### Problem statement
Using the data below, reproduce exactly the lines from the line with "COB Flashlight Keychain" to the line with "MATHCAT Ribbed Soft", both included; pictures must be dropped.

[Opening Given data section]

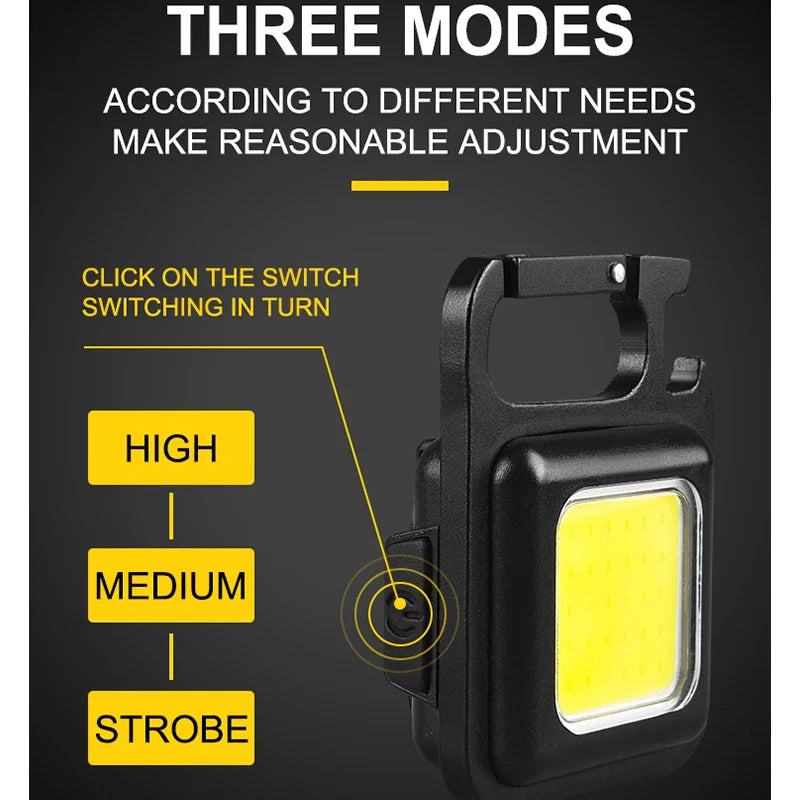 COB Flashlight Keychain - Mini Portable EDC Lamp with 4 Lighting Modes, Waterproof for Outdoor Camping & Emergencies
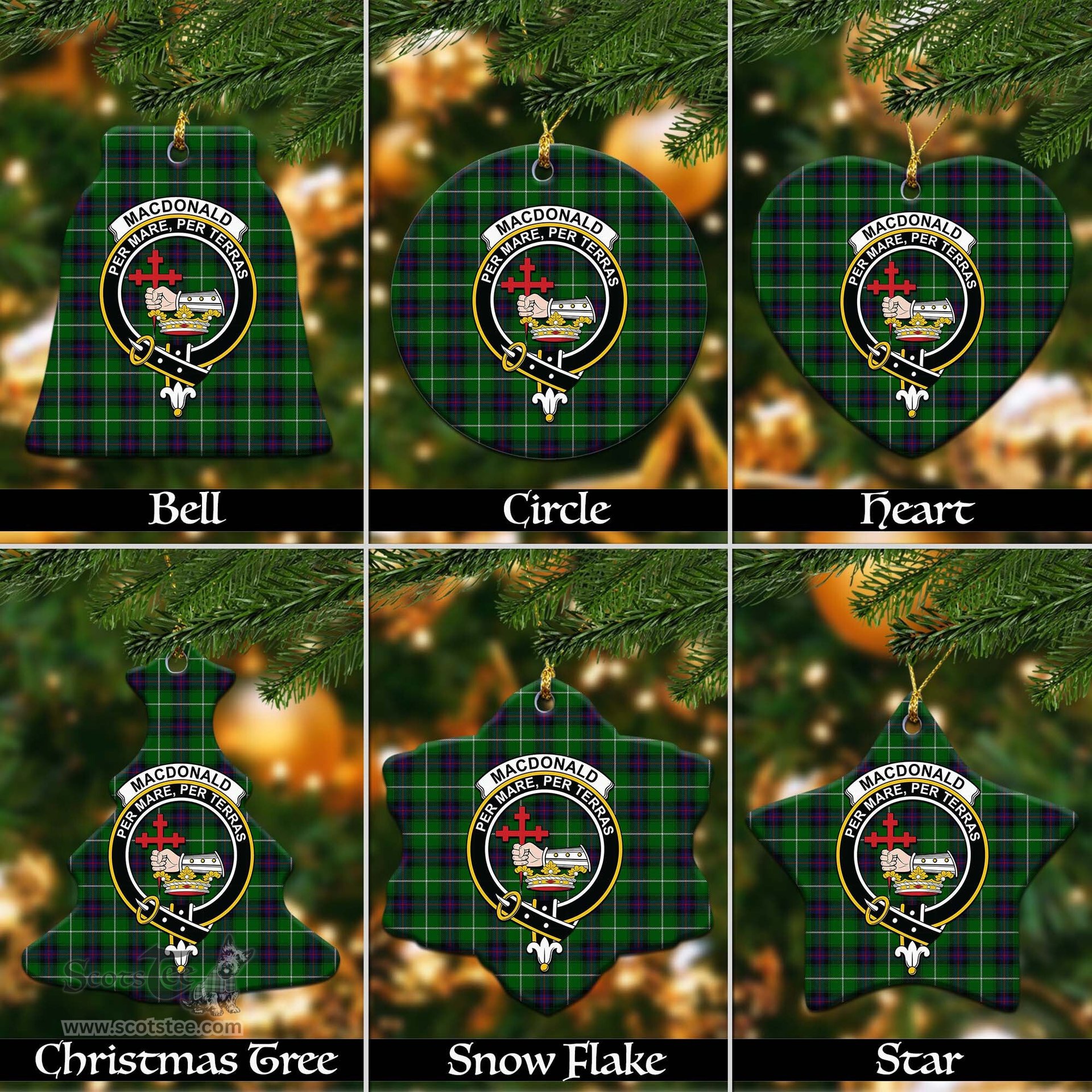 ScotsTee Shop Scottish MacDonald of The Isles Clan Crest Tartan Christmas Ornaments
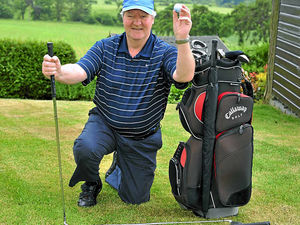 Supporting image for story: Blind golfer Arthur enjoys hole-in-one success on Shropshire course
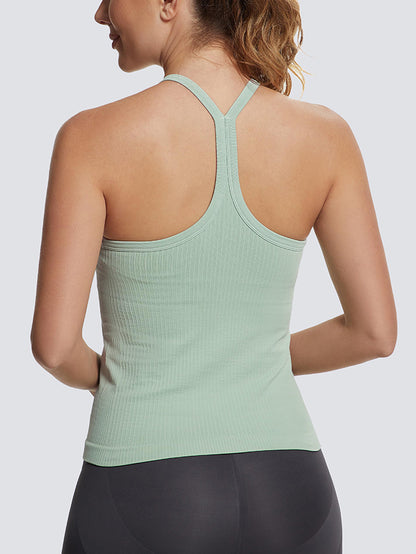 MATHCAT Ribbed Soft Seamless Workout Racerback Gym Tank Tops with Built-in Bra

[Closing Given data section]
[Opening Given data section]

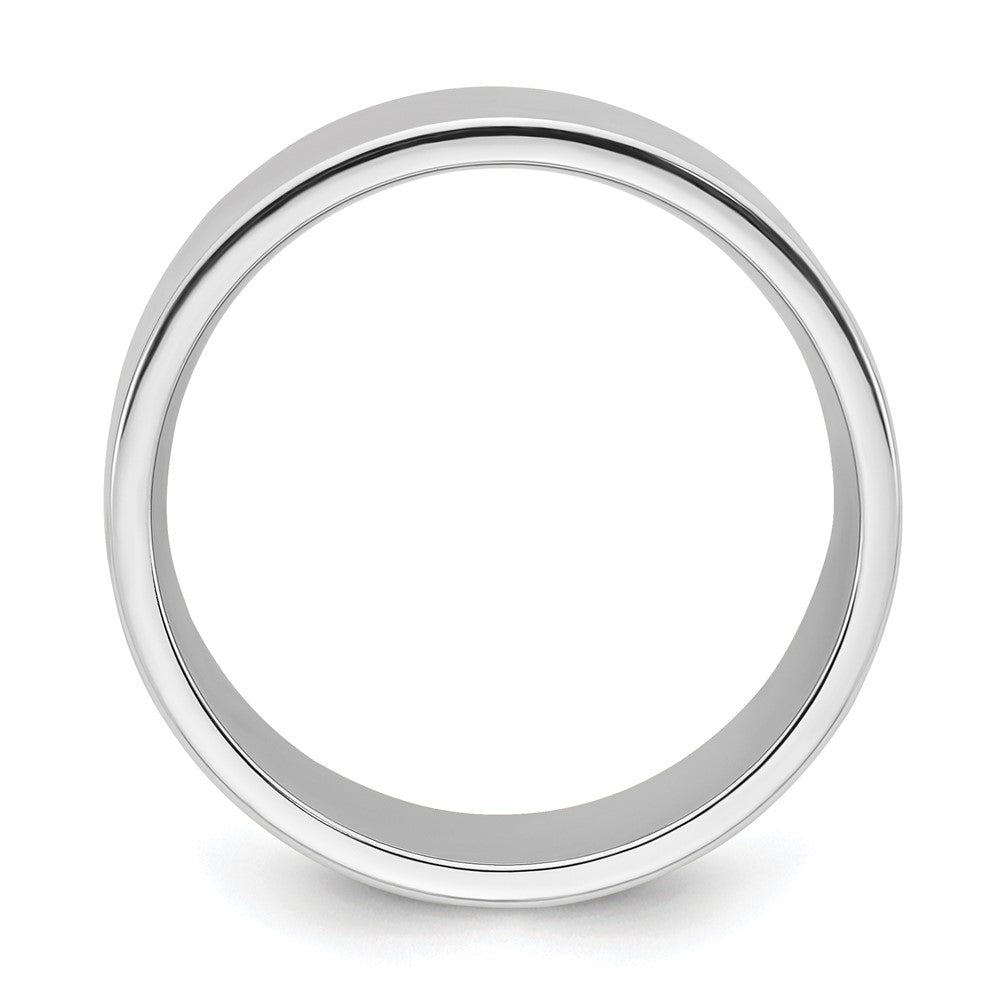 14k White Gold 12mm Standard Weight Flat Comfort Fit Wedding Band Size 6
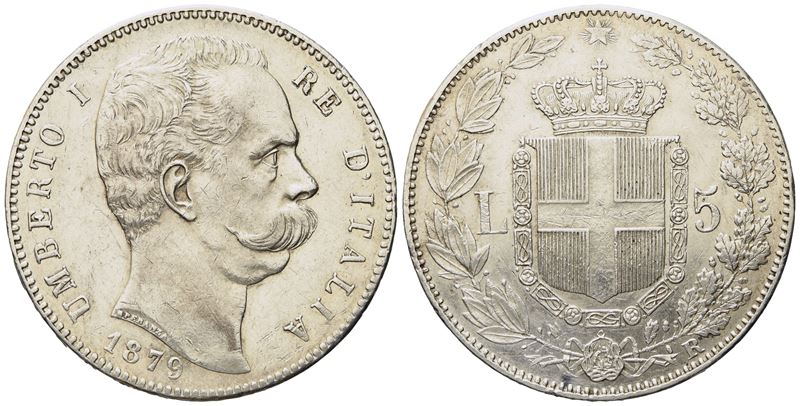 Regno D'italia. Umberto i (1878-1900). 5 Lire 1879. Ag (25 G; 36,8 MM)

[Closing Given data section]

### Output for this task
 COB Flashlight Keychain - Mini Portable EDC Lamp with 4 Lighting Modes, Waterproof for Outdoor Camping & Emergencies
 ScotsTee Shop Scottish MacDonald of The Isles Clan Crest Tartan Christmas Ornaments
 Supporting image for story: Blind golfer Arthur enjoys hole-in-one success on Shropshire course
 MATHCAT Ribbed Soft Seamless Workout Racerback Gym Tank Tops with Built-in Bra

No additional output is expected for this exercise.